Lenovo foldable device could have a Surface Book hinge

Foldable phones have stolen the MWC show in February but those might not be the only kind of foldable devices manufacturers have in mind. After all, when you are not limited by screen space, anything can be folded. The problem, however, is either in the screen, the hinge, or both. Lenovo has patent yet another one of its ideas though, this time, its "connecting assembly", a.k.a. hinge, is something Microsoft will be too familiar with.

To be fair, Lenovo has actually been working on designs and even prototypes of foldable devices way before either Samsung or Huawei revealed theirs. Lenovo's ideas ranged from phones that turned into bracelets and tablets that folded in half. For its newest patent, however, it seems to be taking a page out of the Microsoft Surface Book's, er, book.

Lenovo already has a distinctive hinge of its own that it uses for its Yoga devices. Dubbed as the "watchband hinge", this allows Yogas, at last until recently, to bend over backward.

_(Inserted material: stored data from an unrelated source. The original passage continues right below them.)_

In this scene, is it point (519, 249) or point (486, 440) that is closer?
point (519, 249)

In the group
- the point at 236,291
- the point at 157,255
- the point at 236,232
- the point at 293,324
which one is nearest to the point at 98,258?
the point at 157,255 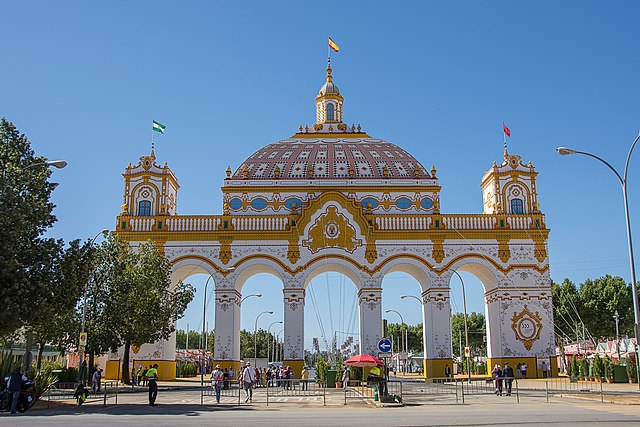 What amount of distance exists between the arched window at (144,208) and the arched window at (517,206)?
28926mm

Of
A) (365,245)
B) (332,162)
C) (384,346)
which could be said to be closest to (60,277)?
(384,346)

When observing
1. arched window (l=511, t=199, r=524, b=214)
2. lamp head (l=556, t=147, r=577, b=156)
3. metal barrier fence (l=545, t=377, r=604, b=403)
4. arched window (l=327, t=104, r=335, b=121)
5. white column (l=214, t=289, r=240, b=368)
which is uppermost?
arched window (l=327, t=104, r=335, b=121)

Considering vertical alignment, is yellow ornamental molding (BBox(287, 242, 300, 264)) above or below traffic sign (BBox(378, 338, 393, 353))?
above

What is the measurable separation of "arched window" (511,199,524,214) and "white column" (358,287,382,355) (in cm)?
1279

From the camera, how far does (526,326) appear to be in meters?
52.7

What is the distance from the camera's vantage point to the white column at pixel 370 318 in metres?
51.6

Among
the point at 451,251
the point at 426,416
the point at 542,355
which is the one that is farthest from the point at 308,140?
the point at 426,416

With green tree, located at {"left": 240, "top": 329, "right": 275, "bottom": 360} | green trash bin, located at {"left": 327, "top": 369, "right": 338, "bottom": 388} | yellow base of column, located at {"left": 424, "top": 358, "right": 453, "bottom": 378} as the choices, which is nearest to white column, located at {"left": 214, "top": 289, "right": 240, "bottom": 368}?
green trash bin, located at {"left": 327, "top": 369, "right": 338, "bottom": 388}

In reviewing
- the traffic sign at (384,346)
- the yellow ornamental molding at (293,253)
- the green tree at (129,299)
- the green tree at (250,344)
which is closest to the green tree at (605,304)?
the yellow ornamental molding at (293,253)

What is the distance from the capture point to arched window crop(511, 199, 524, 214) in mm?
55781

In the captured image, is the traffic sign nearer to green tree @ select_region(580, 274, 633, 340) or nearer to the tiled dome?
the tiled dome

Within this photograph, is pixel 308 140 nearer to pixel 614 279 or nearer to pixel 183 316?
pixel 183 316

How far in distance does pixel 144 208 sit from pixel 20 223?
29.2m

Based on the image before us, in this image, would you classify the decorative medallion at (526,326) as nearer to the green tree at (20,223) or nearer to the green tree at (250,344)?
the green tree at (20,223) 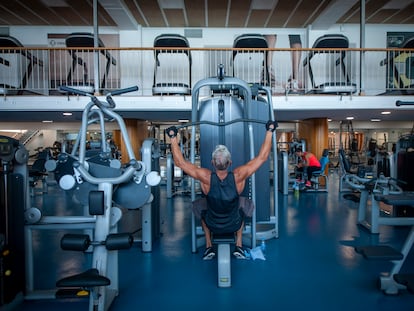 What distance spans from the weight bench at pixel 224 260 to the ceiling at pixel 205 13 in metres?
6.38

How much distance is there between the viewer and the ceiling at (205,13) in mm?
7242

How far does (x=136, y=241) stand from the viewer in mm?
3336

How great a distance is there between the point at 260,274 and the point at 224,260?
1.43ft

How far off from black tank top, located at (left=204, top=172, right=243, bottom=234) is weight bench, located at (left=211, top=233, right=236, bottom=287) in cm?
7

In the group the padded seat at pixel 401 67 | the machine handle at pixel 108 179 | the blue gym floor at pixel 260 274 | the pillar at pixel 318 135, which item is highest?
the padded seat at pixel 401 67

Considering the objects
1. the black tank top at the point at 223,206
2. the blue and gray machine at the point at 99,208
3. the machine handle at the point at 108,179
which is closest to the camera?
the blue and gray machine at the point at 99,208

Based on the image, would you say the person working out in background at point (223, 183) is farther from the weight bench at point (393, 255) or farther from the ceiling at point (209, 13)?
the ceiling at point (209, 13)

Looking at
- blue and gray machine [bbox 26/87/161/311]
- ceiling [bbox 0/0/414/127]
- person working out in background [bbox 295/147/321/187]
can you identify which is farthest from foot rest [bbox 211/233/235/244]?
ceiling [bbox 0/0/414/127]

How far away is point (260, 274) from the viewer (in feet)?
8.56

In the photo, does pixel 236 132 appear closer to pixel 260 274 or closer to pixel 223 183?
pixel 223 183

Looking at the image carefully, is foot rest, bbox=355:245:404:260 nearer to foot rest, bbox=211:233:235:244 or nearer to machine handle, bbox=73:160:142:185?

This new patent filed late 2018, however, is curiously similar to the "scorpion tail" hinge that Microsoft uses for the Surface Book and nowhere else.

That rather odd hinge, formally called a "dynamic fulcrum" hinge, is Microsoft's solution to providing stability to its equally odd detachable 2-in-1 while also providing flexibility. However, the structure of its parts also has the effect of leaving a gap when folding the device. On a regular laptop, that might be seen as a flaw. For a foldable device, it is currently necessary anyway.

It's not yet known where Lenovo will use this patent on, though a foldable phone with a scorpion tail hinge would make for a very bulky device. The patent diagram, as well as Lenovo's older renders, seems to suggest it would be making a larger foldable laptop/tablet hybrid instead.